Collecting GPS points

For the next three and a half days we worked all day long in the geyser field, arriving around 9:30am and leaving between 5-6pm. From San Pedro it’s a two hour drive up to the site along winding mountain roads and flat desert spans. It was a very beautiful drive and I didn’t even mind doing it eight times in total! There are a few tiny villages located next to streams or the occasional lagoon that tend llamas, donkeys, and goats. We also saw lots of wild desert animals, including suri (similar to an ostrich and a flightless bird almost 3 ft tall), vicunas (member of the llama family, but smaller and much cuter), desert foxes, flamingos, and a smallish bird called a gaviota. El Tatio itself has over 80 active geysers and 30 perpetual spouters, making it the largest geyser field in the Southern Hemisphere and the third largest in the world. It is located on the western flank of the Andes and covers a 10x10km area. Geyser activity is mostly confined to three major zones: the Upper Basin, Middle Basin, and Lower Basin. The spring discharges from the Upper and Middle Basins coalesce to form the headwaters of the Rio Salado, which flows west out of the area. The Lower Basin is located about a kilometer west and downstream from the Middle Basin. The Upper Basin is the largest of the fields and contains the most erupting springs of the three basins. Groundwater travels west and heats up due to geothermal activity before reaching the ignimbrites and lavas underlying El Tatio, where the conditions of temperature, pressure, and permeability are right to form geysers. Geysers are defined as a hot spring in which water boils and is ejected into the air in intervals, and due to the great temperature differences deposit the dissolved silica in terraces or cones adjacent to the erupting water. Geysers are very rare, and require much stricter pressure/temperature conditions to form than hot springs, which are very common.

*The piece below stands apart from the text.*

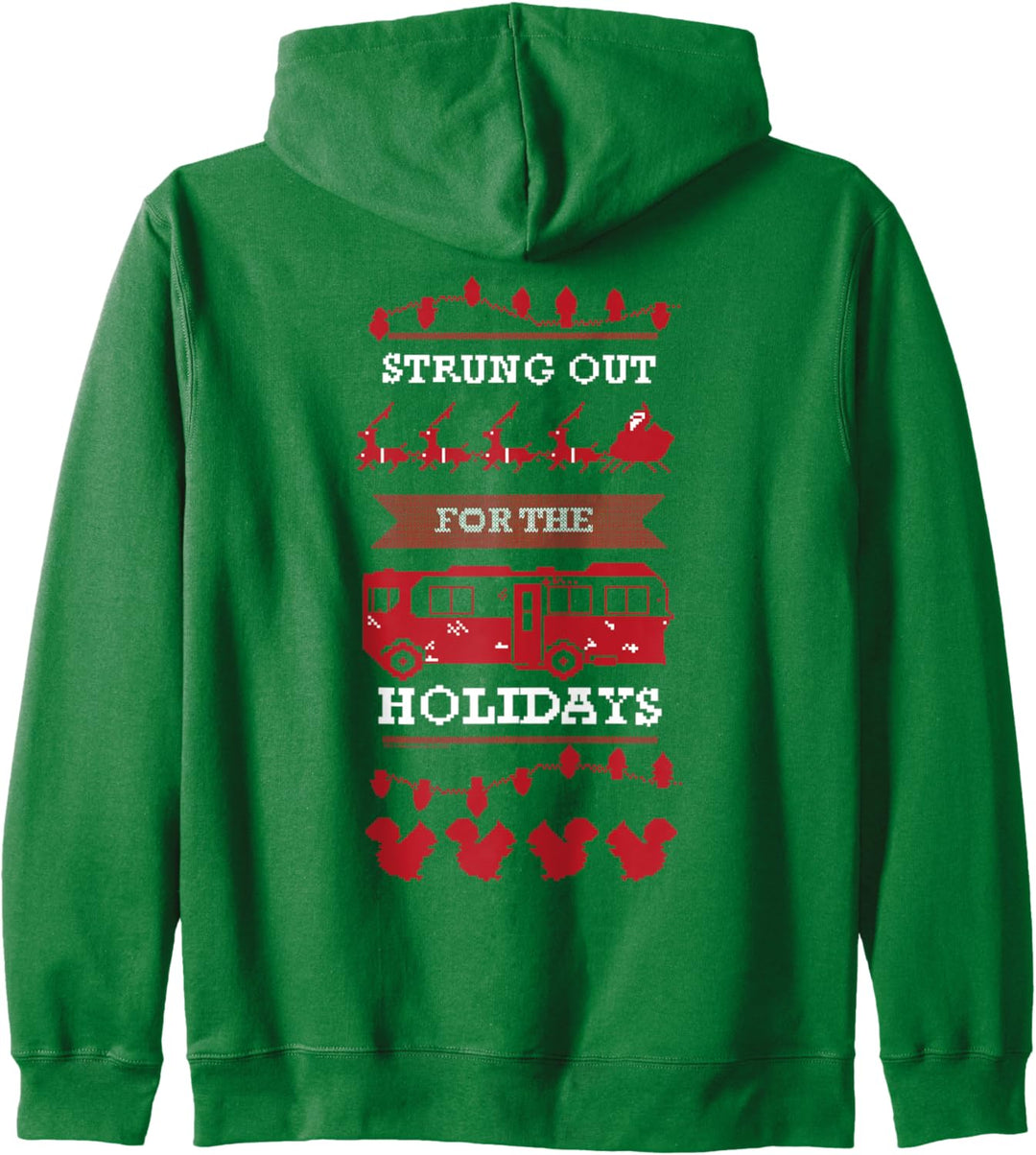 Christmas Vacation Strung Out Weihnachten Kapuzenjacke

Carolina and Silvina taking a quick break

Silvina and I were in charge of mapping the geysers to compare the changes and possible movement in comparison to the positions measured in 2003 by a different group from the US. I was in charge of getting very accurate GPS points while Silvina measured the sizes of the pools/cones and described their characteristics. All in all we took 87 GPS points in the Upper and Middle Basins of geysers, perpetual spouters, pools, and some extinct cones. Carolina was busy downloading and moving her temperature sensors and GoPro around all day to record all the activity. We got to see the geysers up close and personal, while tourists observed from afar. But as the tours are the most impressive at dawn, when the temperature contrasts between the hot water and below freezing air cause huge steam clouds to condense around the springs/geysers, we were practically alone in the field during the day. It was an amazing experience and I loved being able to do geology in the desert at an enchanting place. The Atacama is most definitely on my list of places to visit again!